The conversion of light energy to chemical energy using photocatalysts has been widely reported, but the continual optimization of photocatalytic materials is critical for their successful application. The properties of photocatalysts, including their surface area, crystallinity and various electronic features, affect their activity. These properties can be influenced by the techniques and specific conditions used to prepare them, thus leading to a broad range of materials that could be evaluated.
Testing material is a time-consuming process that has yet to be accelerated—until now. In a report published in ACS Energy Letters, Osaka researchers have shown the relationship between time-resolved microwave conductivity (TRMC) measurements and the photocatalytic performance of semiconductor materials. TRMC is a process that allows photocatalysts to be evaluated in powder form, which leads to significantly higher throughput.

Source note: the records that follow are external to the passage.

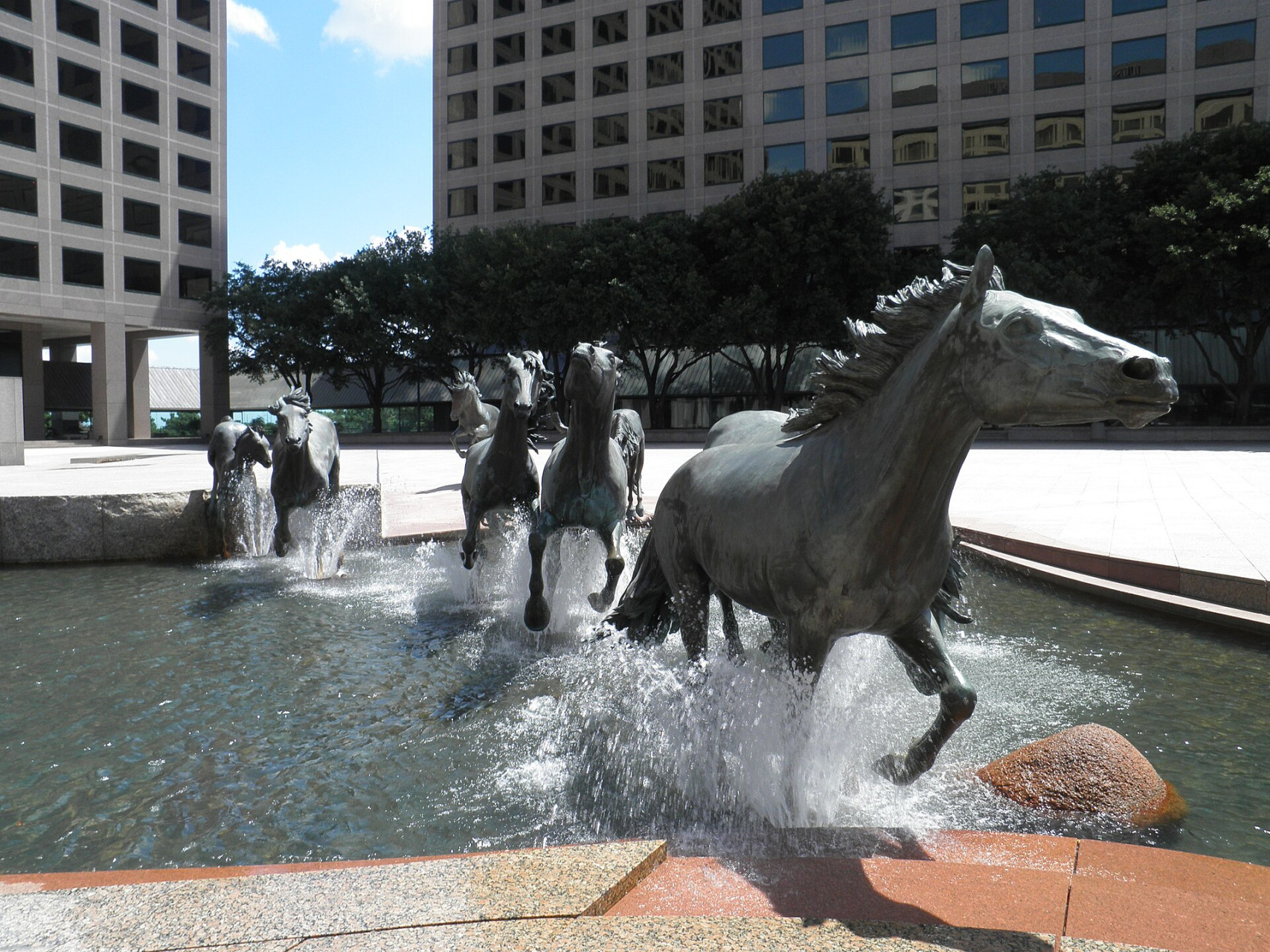monumentindallas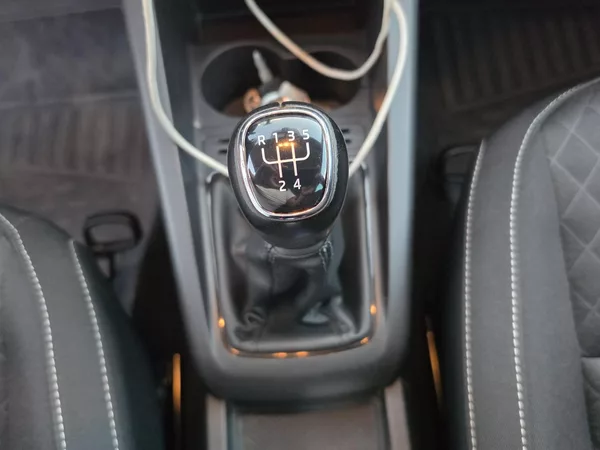 Škoda Fabia 1.4TDi 66kW*DRIVE*1.MAJ*TAŽNÉ* - foto 29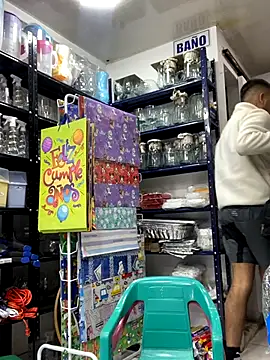 JuanZapata33 online show from December 2025 09:58:02 PM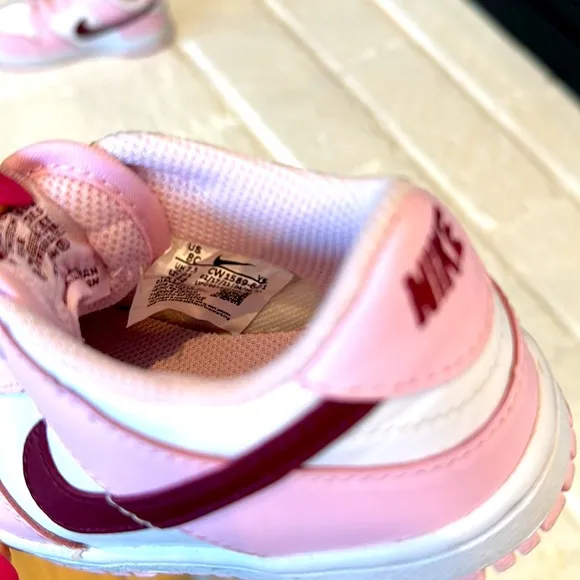 Nike Dunks Valentine’s Edition Toddler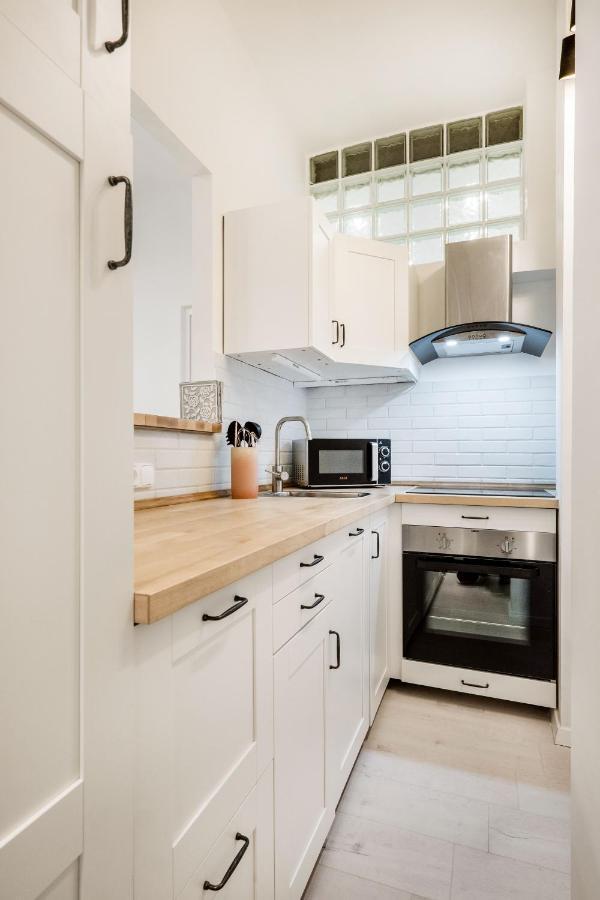 Viktoria Design Studio Apartment Budapeste Exterior foto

"We have been able to show that the oxygen evolution rate of a photocatalyst—which is a measure of activity—can be determined from the photoconductivity and the half-lifetime determined by TRMC," explains study lead author Hajime Suzuki. "Applying this relationship to materials makes evaluating their potential much more efficient."
The researchers used their findings to determine the optimum processing temperature for a material that had not been extensively studied, PbBiO2Cl, and were able to produce an analogue that had an apparent quantum efficiency of 3 percent—three times higher than had been achieved in previous studies using higher processing temperatures.
"We hope that the principles of our findings can be widely applied to improve the efficiency and ease of screening materials, finding candidates, and choosing synthesis conditions," study corresponding author Akinori Saeki explains. "In terms of the broader picture, high throughput processes could accelerate the development of cleaner energy solutions."